Which is followed by creepy vocoder voice “There’s no turning back… tonk tonk tonk tonk.”

And when they went into production on Dark Horse, that melody was probably the basis for this next figure which appears at the very beginning of the song as its intro, and also throughout the piece as an accompaniment. (It’s the accompaniment to the chorus, for example.) Goes like…

It’s just the same four notes over and over. Those four notes are Db, C, Bb, and F.

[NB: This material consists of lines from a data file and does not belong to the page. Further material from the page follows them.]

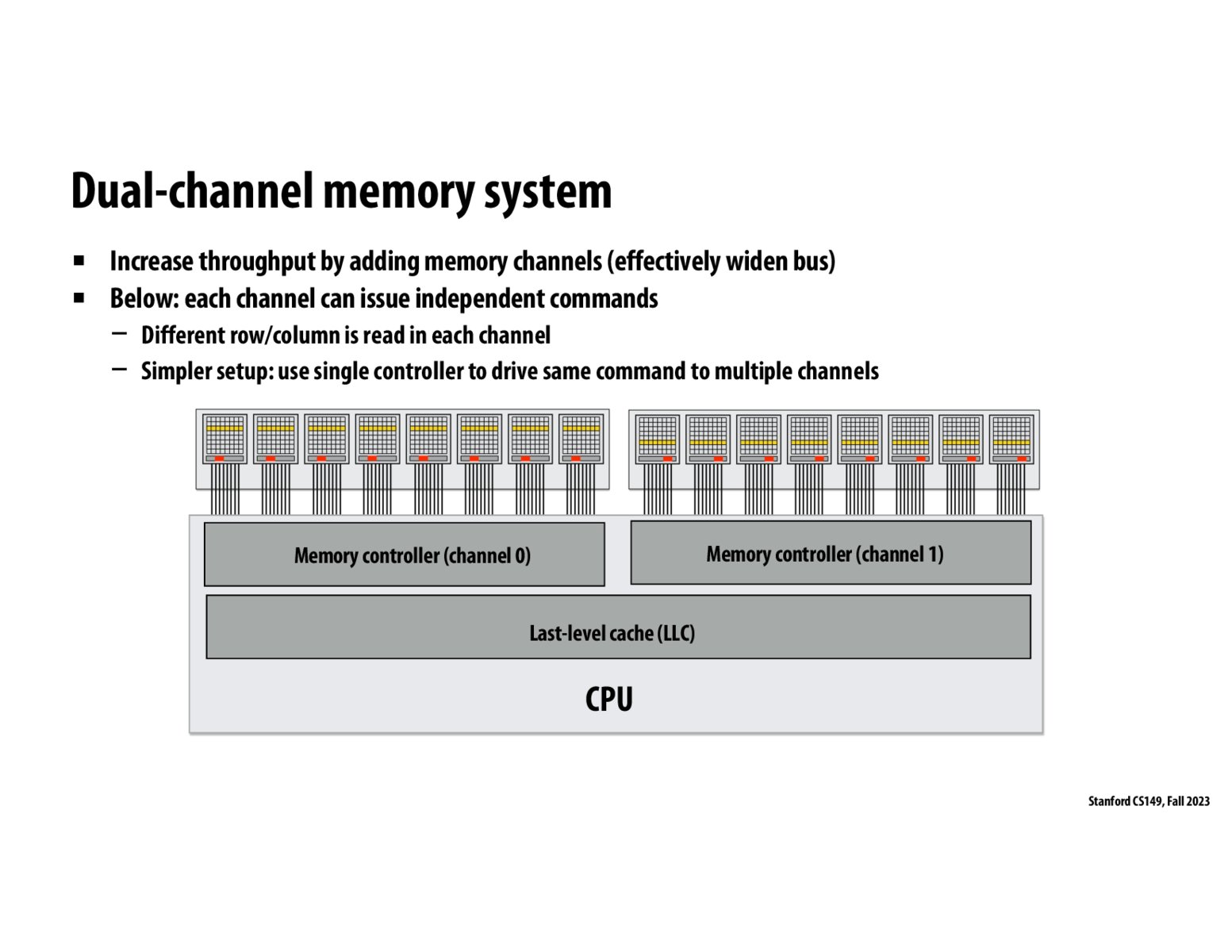 Image of slide 92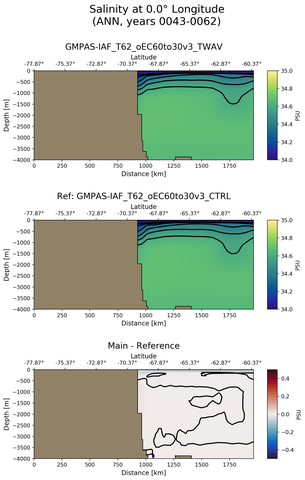 ANN Salinity at 0.0$\degree$ Longitude ANN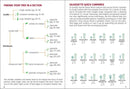 Trees of Missouri Field Guide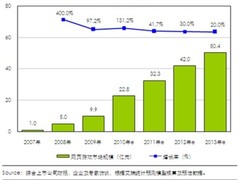2010中国网页游戏市场规模达到22.8亿元
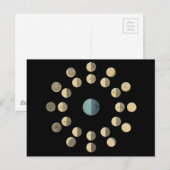 Moonfasen Briefkaart (Voorkant / Achterkant)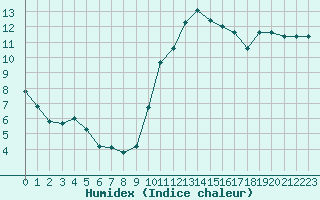 Courbe de l'humidex pour Rochegude (26)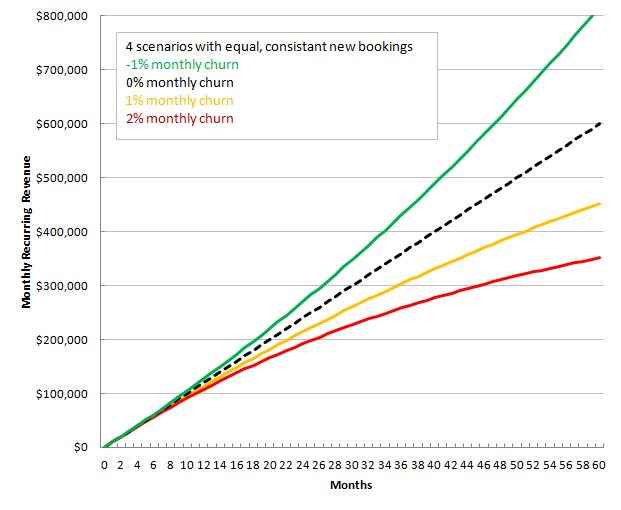 rob_belcher's tweet photo. @sether @Adobe More! And the impacts compound over time and become dramatic. We estimate a 1% increase in retention over 5 years can increase valuation by 12% because as you say, increases ARR, growth rate, unit economics and even TAM = higher multiple in addition to higher base ARR. https://t.co/9KotFn2NnG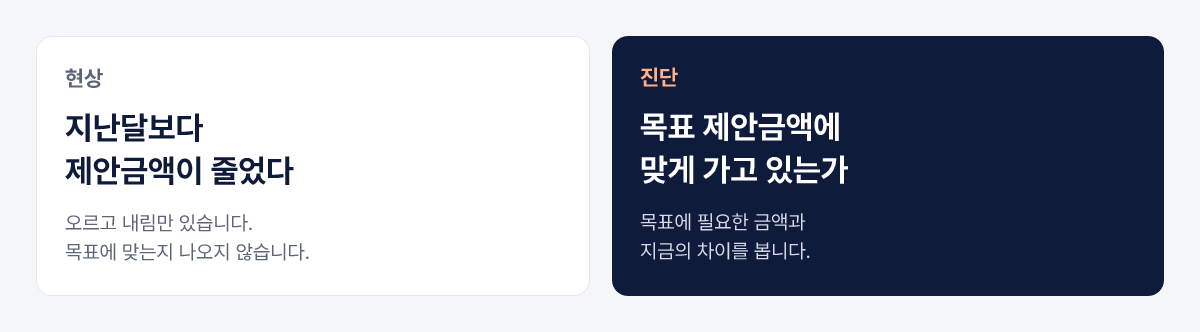 지난달과의 비교가 아니라 목표 제안금액과의 차이를 보는 진단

Then, perhaps inspired by a way more famous tune, “Moments In Love” by Art of Noise, characterized largely by its breathy synthesizer melody sample which has appeared, according to WhoSampled.com, in a quadrillion other songs! and is therefore WAY more plausibly their inspiration, they took the four notes from their own chorus and accompaniment and introduction — Db, C, Bb and F — and used them as “Moments In Love” style pulsing quarter-notes. This is the figure Perry’s getting sued over and it sounds like this…

And it looks like this…

It’s the same four pitches — Db, C, Bb, and F; can you see it? It’s these same four notes in that order from the chorus, from the intro, and from the accompaniment that occurs through out the piece.

And in case you’ve no idea what “Moments In Love” is, here’s that…

The synth sound itself in Dark Horse (as well as the musical device of repeating strident quarter notes) is clearly reminiscent not of Joyous Noise, but of this super famous track and its synthesizer sound that is so historically significant that it took me only 30 seconds to find it in my studio so I could make those audio examples for you.

And not for nothing, but the pitches used in Joyful Noise’s own ostinato are a different four pitches than Dark Horse and are, wait for it, TAKEN FROM ITS OWN CHORUS and probably came about in exactly the same fashion.

That’s it. That’s what the synth part from Dark Horse is. It’s the song’s chorus, turned into an accompaniment, turned into a pop drop.

The 5 or 6 points of similarity don’t matter, and neither does Mary Had A Little Lamb.

There’s no way a jury doesn’t absorb that in the same two or three minutes it took you. Tell me I’m wrong.